| ABSTRACT
There has been a tendency in the atmospheric chemistry community to regard urban atmospheric chemistry as no different to global processes and to differentiate only in terms of the emissions density in models. Such an approach may be suitable for assessing the impact of urban emissions upon regional and global processes but is unsuited to generating a clear understanding of processes within the urban atmosphere itself. The urban atmosphere differentiates itself from the global atmosphere in terms of its density of emissions and relatively short timescales for chemical reaction processes, a consequence of which is that the key processes in the urban atmosphere are often different from those in the regional and remote atmosphere. This lecture will give relevant examples.

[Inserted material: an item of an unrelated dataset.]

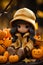 a doll sitting in front of pumpkins
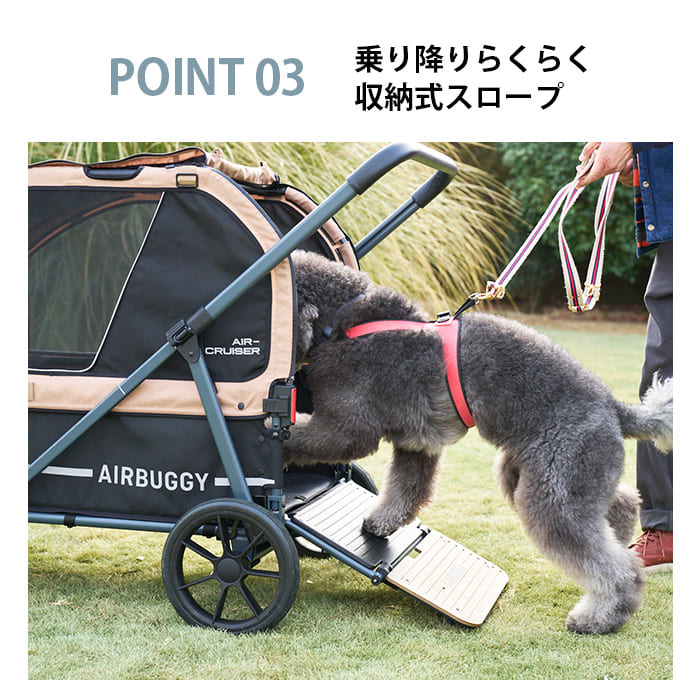 AIRBUGGY �����Х��� AIR CRUISER SET �������롼���� �١������롼�ե��å�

One of the key aspects of both urban and rural/remote atmospheres is the oxidation of primary pollutants and the formation of secondary species. Such processes may differ markedly between urban and non-urban environments as there are major differences in the behaviour of key oxidants such as ozone, hydroxyl and NO3 radical. In the remote atmosphere the key production process for hydroxyl is through the photolysis of ozone to form excited state oxygen atoms which react with water vapour to form OH. In the urban atmosphere, concentrations of ozone are typically depressed relative to the rural atmosphere and hence this source of OH is less favourable. There are likely to be much higher concentrations of both nitrous acid and formaldehyde in the urban atmosphere whose photolysis is probably the major source of OH. Additionally, there is far more possibility for nocturnal formation of OH in the urban atmosphere from reactions of Criegee intermediates resulting from the oxidation of alkenes. As a consequence, it has been shown that winter to summer ratios of hydroxyl radical concentrations are much higher in the urban atmosphere than is typical of rural atmospheres in northern mid-latitudes. In rural atmospheres, most NOx is present as nitrogen dioxide with modest concentrations of NO arising from photolysis. Direct emissions of NO in the urban atmosphere can suppress ozone concentrations to the point where nocturnal ozone can be unmeasurable. Generally, concentrations of ozone are considerably lower in the urban atmosphere than in surrounding rural areas. The co-existence of nitrogen dioxide and ozone at night in rural areas is conducive to the formation of the NO3 radical, whereas in urban areas it is often the case that nitrogen dioxide and nitric oxide (an NO3 sink) are abundant close to the surface where ozone is highly depleted. Consequently, formation of NO3 is likely to occur at a greater altitude where NO2-rich air from the surface meets ozone-rich air from above. These are but a few examples of the many differences prevailing between urban and non-urban atmospheres which argue for a more specialised treatment of urban atmospheric chemistry than is typically applied at present. |